I've spent a few weeks reading Richard Flanagan's The Narrow Road To The Deep North, which won the Booker Prize last year. The ladies in my book club had said it was wonderful, and it was on sale and fell into my hands in the bookshop, as books often do.
The story is about POWs in WWII and their return to Australia. It's mostly set in the POW camps for the Burma Railway. I've read quite a few war stories and they're all shocking and gut-wrenching but this one is so graphic and harrowing and awful, I really struggled to keep reading it at times.
The characters in the book aren't 'nice' at all. They're more than flawed too.

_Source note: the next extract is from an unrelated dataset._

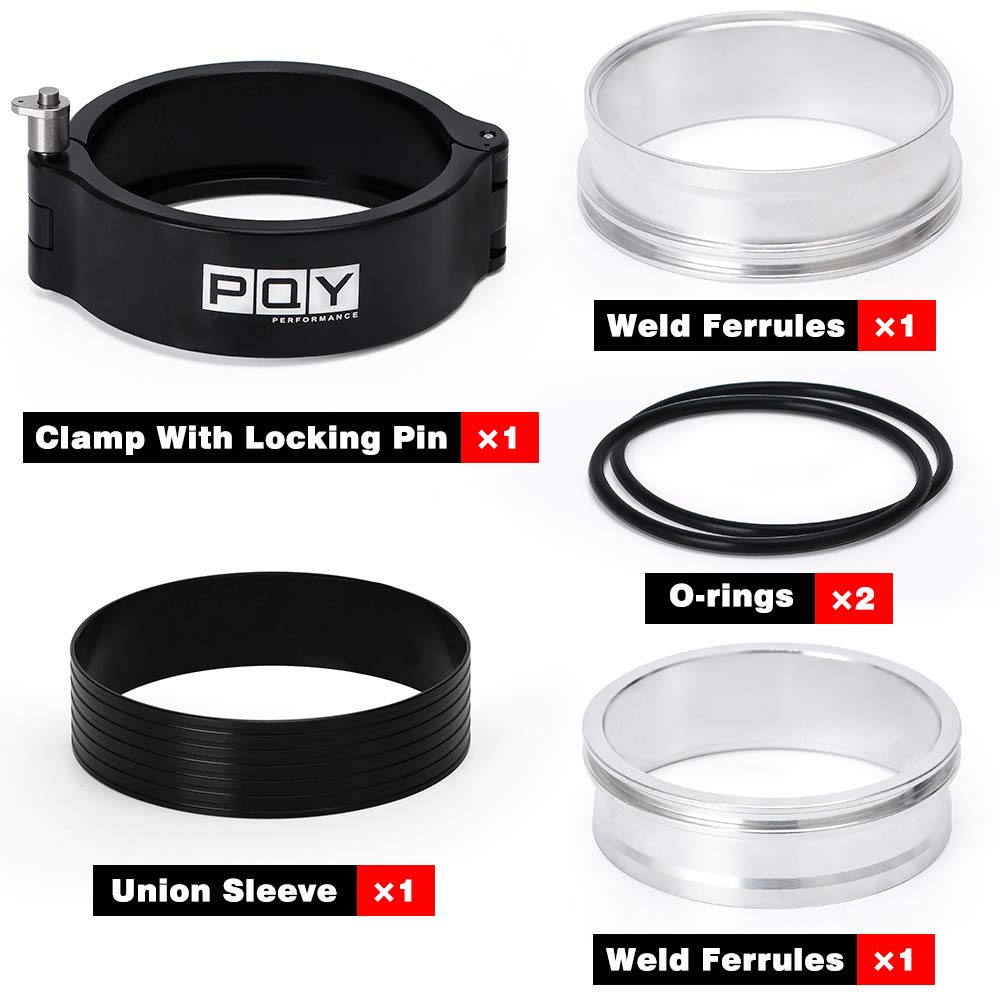 PQY 2.5 Inch Aluminum Quick Release V Band Clamp with Flange Intercooler Pipe Clamp Throttle Union Sleeve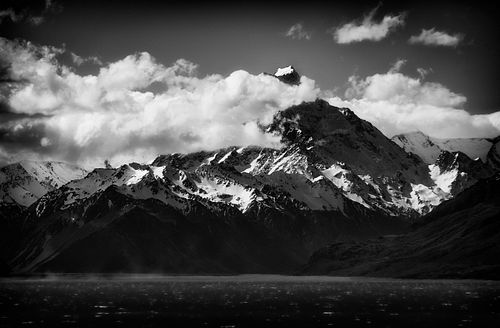 Black & White, monochromatic, tonal, texture, mountain,  dark, sky, ridge, hike, adventure, nature, landscape, Mt Cook, Aoraki, Lake Pulaski, Canterbury, New Zealand, South Island, Otago, Christchurch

There are some lovely moments though, but on the whole I didn't 'like' the people I was reading about. Maybe that's something to do with all the romance genre reading where identifying with a character in some way is almost necessary, but I think I would have felt like this even without being a romance writer.
The book is well-written and it gives a view of both the Aussie POWs and also the Japanese and Korean soldiers...and that's interesting as few war stories show both sides, and never (that I've read anyway) make the 'enemy' human and give reasons for their behaviour which are believable and maybe almost understandable.
I find prize-winning books often are heavy going, and this is no different. Foal's Bread was another recent prize-winner that was well-written but harrowing. Maybe there's a fad for harrowing stories at the moment. Although I don't find these easy reads, and I would never say I enjoyed reading them, I do believe there's a need for them and these books should be written, and read.
I'm off to read something much lighter now.